Bunun “harp oyunu” olarak tasarlandığı yönündeki teviller de “hafifletici” (!) olmaz.

Önümüzdeki hafta daha ayrıntısıyla değineceğim, evet doğrudur ve dünyanın hemen bütün orduları “karargah senaryoları” etrafında bu tür “harp oyunları” düzenlerler.

Fakat en önce o senaryolar esas olarak dış düşmanı hedefler. İç düşman sonsuz talidir

Ve bilhassa ve bilhassa da, hiçbir ordu asla “provokatör aktör” rolünü üstlenmez.

Hele hele kendi halkına karşı asla ve asla üstlenmez !

Aksi durumda adı “iç Harp oyunu” bile değil, “iç harp kışkırtması oyunu” olur.

Dolayısıyla tekrarlıyorum, “Balyoz” gerçekse durum tımarhanelik derecede vahimdir.

Ancaak, gazetedeki iddialar eğer yalansa durum yine çok vahimdir.

* * *

ÇOK vahimdir, çünkü komplo teorilerine zerre kadar itibar etmesem dahi buradan itibaren ister istemez, gayet mahirane hazırlanmış bir manipülasyonu düşünmek gerekecektir.

Yani, “Taraf”ın belge uydurması yüzdedoksan dokuz virgül doksan olasılıkla mümkün olmadığına göre, bu sahte belgenin orada kasten yayınlatıldığı kesinlik kazanacaktır.

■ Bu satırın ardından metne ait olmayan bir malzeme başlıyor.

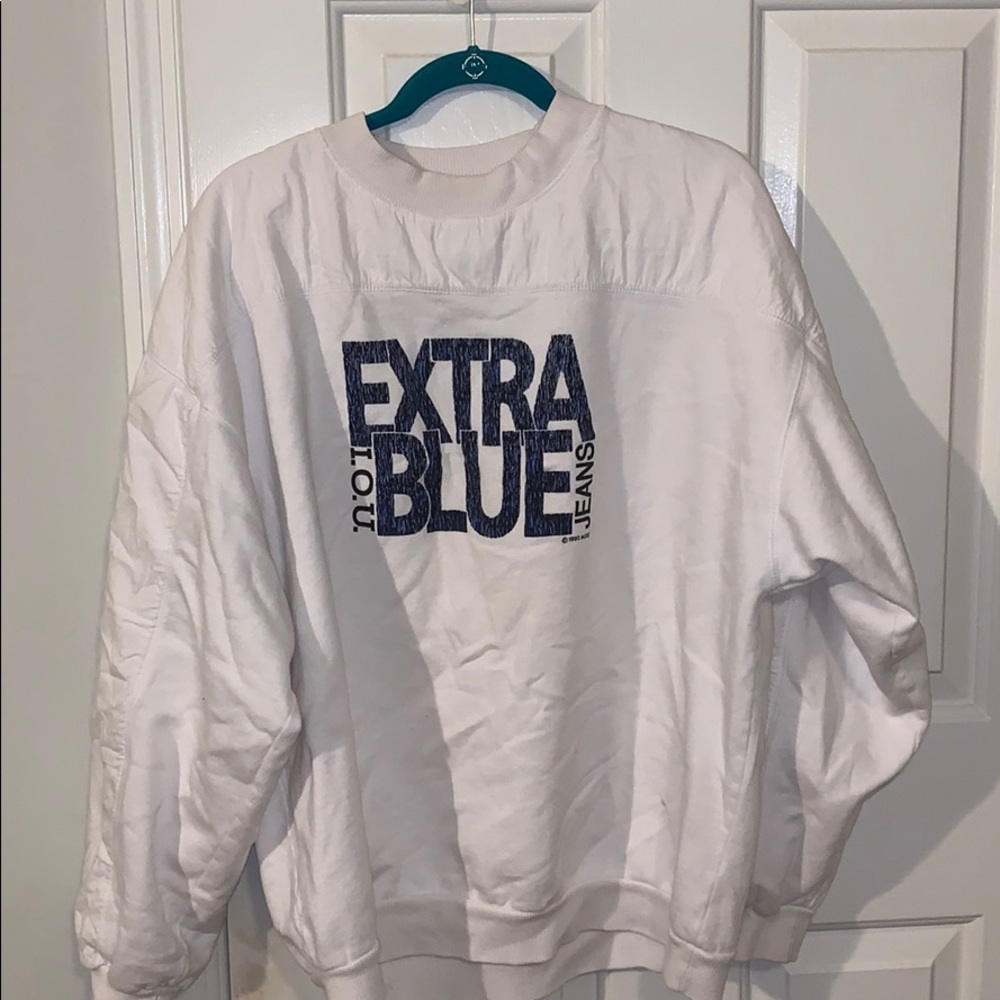 white sweatshirt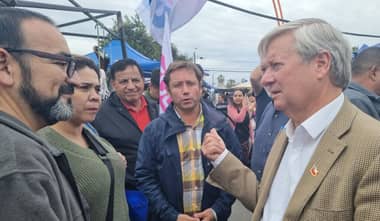 Álvarez-Salamanca centraliza últimos días de campaña en la provincia de Curicó
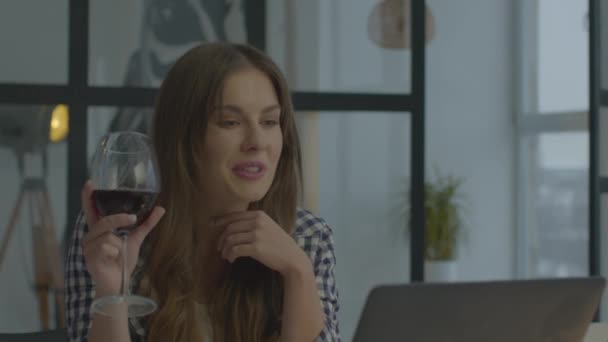 Mulher com o vinho flertando online. Noite feminina relaxe. Conectados namoro remoto — Vídeo de Stock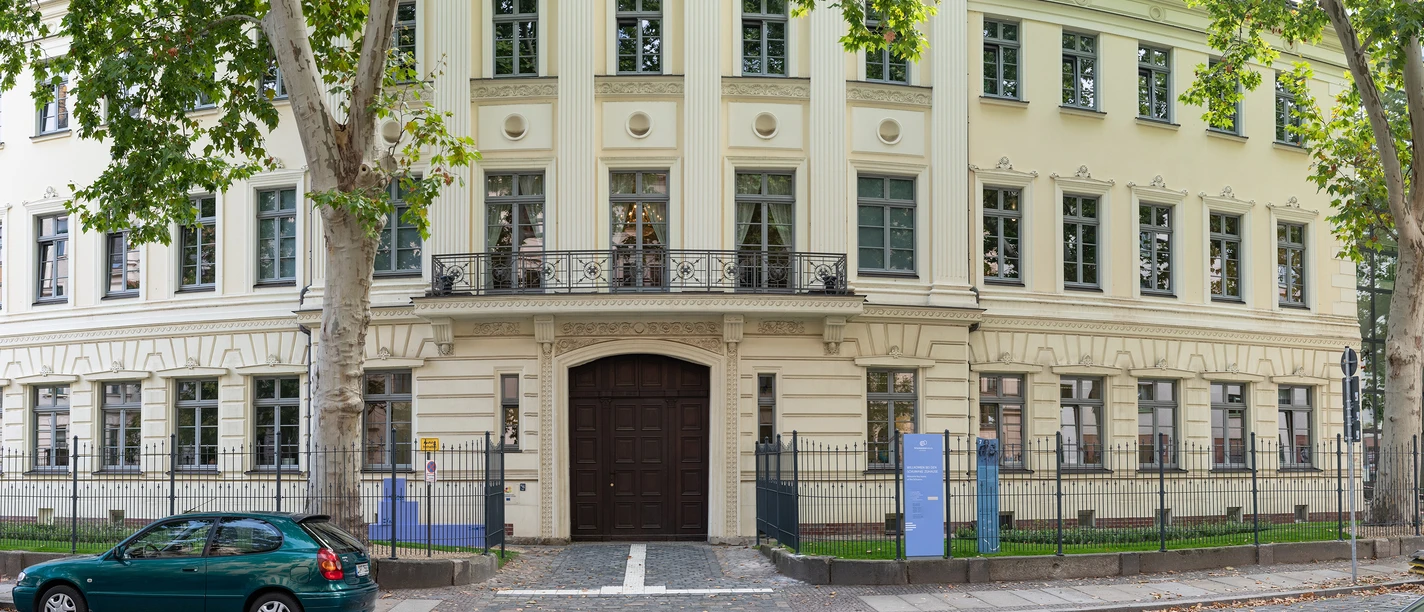 Vue sur la façade classique de la maison Schumann à Leipzig, entourée d'arbres, culture, musique, compositeurs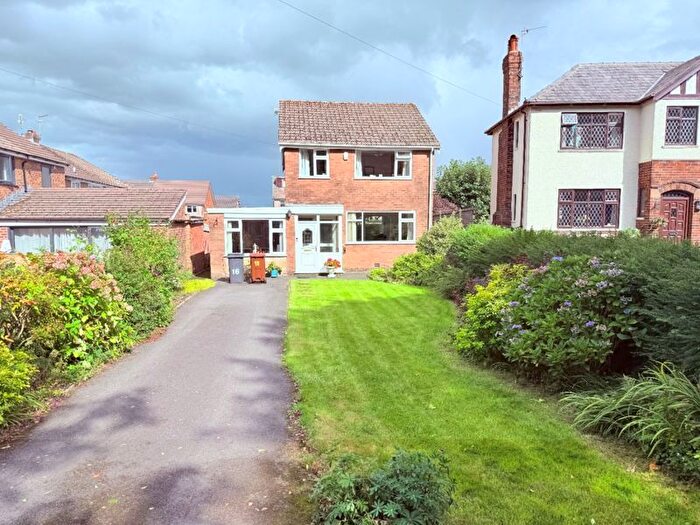 3 Bedroom Detached House For Sale In Cut Lane, Rishton., BB1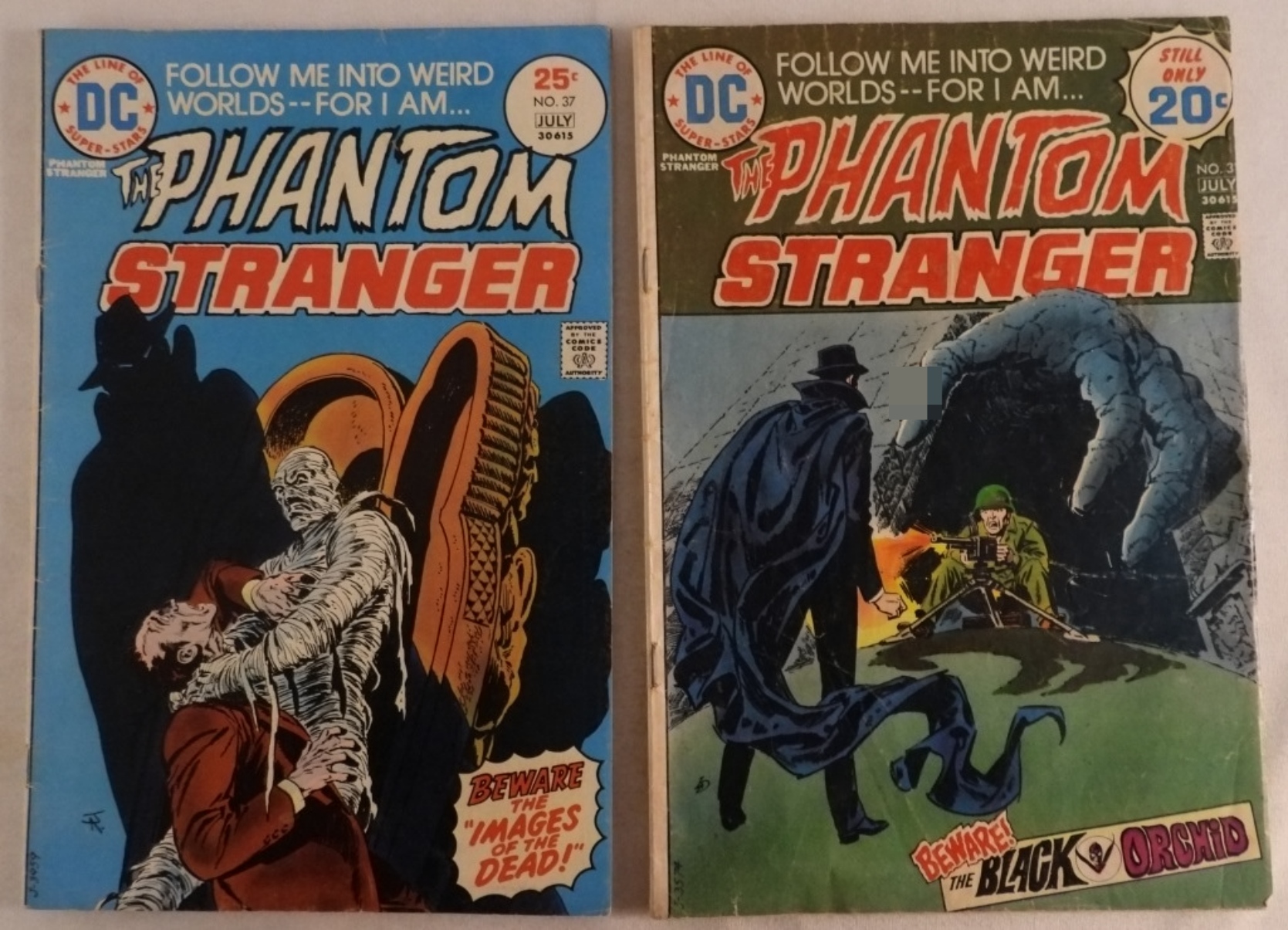 (2) DC The Phantom Stranger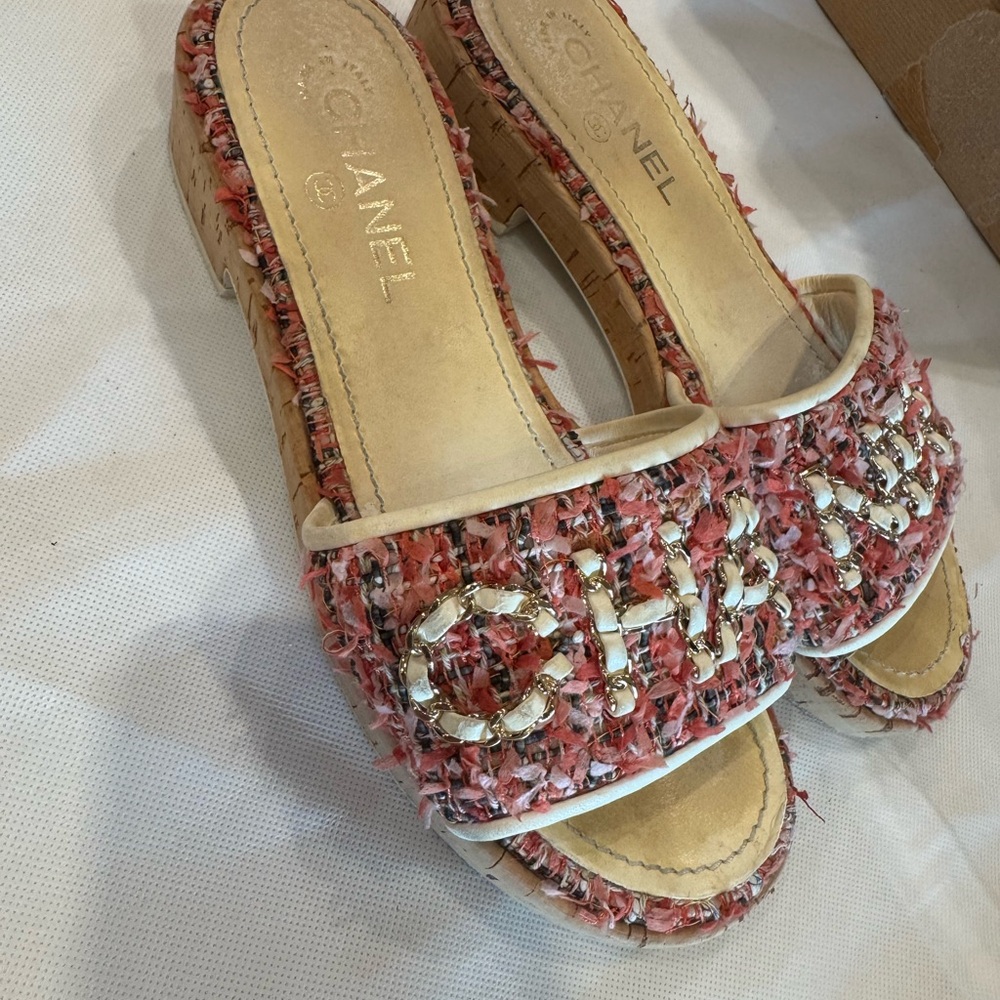 CHANEL Women's Red and Pink Tweed Sandals - Picture 4 of 5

Ve yalan ortaya çıktığı an hem haklı bir tepki oluşacağından, hem de bodoslomadan karşı saldırı başlatılacağından, tüm demokratik ve sivil güçler onulmaz yara alacaktır.

Dolayısıyla da böyle bir gelişme en önce “Ergenekon”dan “Kafes”e uzanan ve ucu cihet-i askeriyeye dokunan yargılama ve soruşturmaların derhal “tavmasına” yol açacaktır.

Artı, bilûmum statüko güçlerine, onların şu ana dek yitirmiş oldukları ve yitirmeye devam ettikleri mevzii ve prestiji tekrar kazanmak için altın fırsat sunacaktır.

Ayıkla pirincin taşını, tek bir manipülasyon tüm kazanımları sıfıra indirmiş olacaktır.

* * *

BİLİYORUM, söz konusu demokratik ve sivil saflar arasında yer aldığım için kendimin dahi ihtimal vermek istemediği böylesine bir komplo tezi pek “şeytani” kaçtı.

Ama belgelerin profesyonel içeriği ve uslûbu hesaplanırsa, başka alternatif kalmıyor.

Ya her şey doğrudur ve ortada mutlaka hesap sorulması gereken bir suç vardır; ya da kısmi gerçek üzerine monte edildikten sonra piyasaya sürülen hin bir manipülasyon mevcuttur.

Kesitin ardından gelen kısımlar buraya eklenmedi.